Seasonality in the DAX

Seasonalcharts.de claims that stock indices exhibit persistent seasonality that may be exploited through an appropriate trading strategy. As part of a job application, I had to replicate the seasonal pattern for the DAX and then test whether this pattern entails a profitable trading strategy. To sum up, I indeed find that a trading strategy that holds the index only over a specific season outperforms the market significantly, but these results might be driven by a few outliers. The text below references an opinion and is for information purposes only. I do not intend to provide any investment advice.

The code is structured in a way that allows for a straight-forward replication of the methodoloty for other indices. The document was knitted in RStudio using the following packages:

library(tidyverse)  # for grammar
library(scales)     # for pretty breaks in figures
library(tidyquant)  # for data download
library(knitr)      # for html knitting
library(kableExtra) # for nicer tables

Data Preparation

First, download data from yahoo finance using the tidyquant package. Note that the DAX was officially launched in July 1988, so this is where our sample starts.

dax_raw <- tq_get("^GDAXI", get = "stock.prices", 
                  from = "1988-07-01", to = "2019-11-30") 

Then, select only date and the adjusted price (i.e., closing price after adjustments for all applicable splits and dividend distributions) as the relevant variables and compute summary statistics to check for missing or weird values. The results are virtually the same if I use unadjusted closing prices.

dax <- dax_raw %>%
  select(date, price = adjusted)
summary(dax)
##       date                price      
##  Min.   :1988-07-01   Min.   : 1150  
##  1st Qu.:1996-04-04   1st Qu.: 2512  
##  Median :2004-01-08   Median : 5286  
##  Mean   :2004-02-06   Mean   : 5657  
##  3rd Qu.:2011-12-03   3rd Qu.: 7445  
##  Max.   :2019-11-29   Max.   :13560  
##                       NA's   :160

I replace the missing values by the last available index value.

dax <- dax %>%
  arrange(date) %>%
  fill(price, .direction = "down")

As a last immediate plausibility check, I plot the dax over the whole sample period.

dax %>%
  ggplot(aes(x = date, y = price)) +
  geom_line() + 
  labs(x = "", y = "Adjusted Price") +
  scale_x_date(expand = c(0, 0), breaks = "5 years") +
  scale_y_continuous(breaks = pretty_breaks()) + 
  theme_classic()

The data seems to be good to go, so let us turn to some graphical evidence for seasonality.

Graphical Evidence for Seasonality

To replicate the average seasonal pattern that we can find here, I construct an index of cumulative returns that starts at 100 in each year of my sample.

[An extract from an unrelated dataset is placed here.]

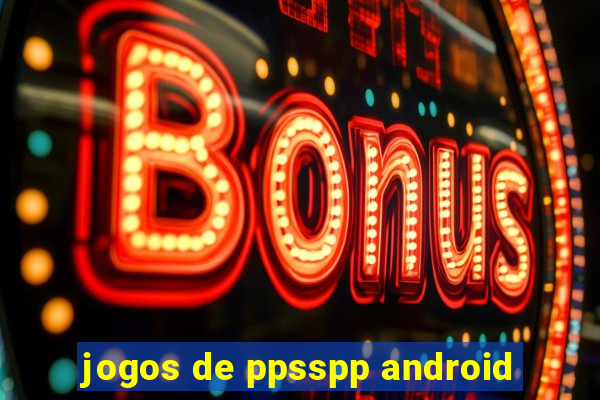 jogos de ppsspp android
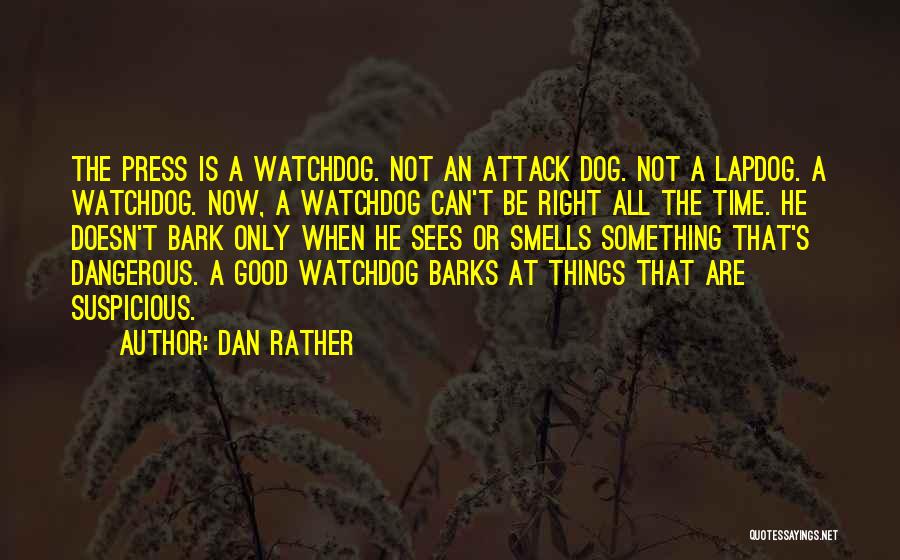 Dan Rather Quotes: The Press Is A Watchdog. Not An Attack Dog. Not A Lapdog. A Watchdog. Now, A Watchdog Can't Be Right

To do so, I nest the data by year (i.e., create a list-column of returns for each full year in the sample).

dax_nested <- dax %>%
  filter(date >= "1988-01-01" & date <= "2018-12-31") %>%
  mutate(year = year(date)) %>%
  group_by(year) %>%
  nest()

Next, I define the function that creates the seasonal pattern, given the sample of returns of a specific year, apply the function to each year and compute summary statistics for each trading day across all years in my sample.

get_seasonality <- function(data) {
  data %>%
    arrange(date) %>%
    mutate(trading_day = 1:n(), # use number of trading days as index
           ret = (log(price) - lag(log(price)))*100,
           ret = if_else(is.na(ret), 0, ret),
           cum_ret = 100 + cumsum(ret)) %>%
    select(trading_day, ret, cum_ret)
}

dax_seasonality <- dax_nested %>%
  mutate(seasonality = map(data, get_seasonality)) %>%
  select(year, seasonality) %>%
  unnest(cols = c(seasonality)) %>%
  ungroup()

dax_seasonality_summary <- dax_seasonality %>%
  group_by(trading_day) %>%
  summarize(mean = mean(cum_ret),
            q05 = quantile(cum_ret, 0.05),
            q95 = quantile(cum_ret, 0.95))

The latter data frame contains the average cumulative return and corresponding quantiles for each trading day of a year in my sample. Let us now take a look at the average pattern across trading days.

dax_seasonality_summary %>%
  ggplot(aes(x = trading_day)) +
  geom_line(aes(y = mean)) +
  labs(x = "Trading Days", y = "Cumulative Returns (in %)") +
  scale_x_continuous(expand = c(0, 0), breaks = pretty_breaks()) +
  scale_y_continuous(breaks = pretty_breaks()) +
  theme_classic()

While it is unclear what exactly Seasonalcharts plots on their website, the above pattern seems to be fairly consistent with their claimed seasonality. However, even if the pattern seems to be on average there, let us add confidence intervals before we think about trading strategies.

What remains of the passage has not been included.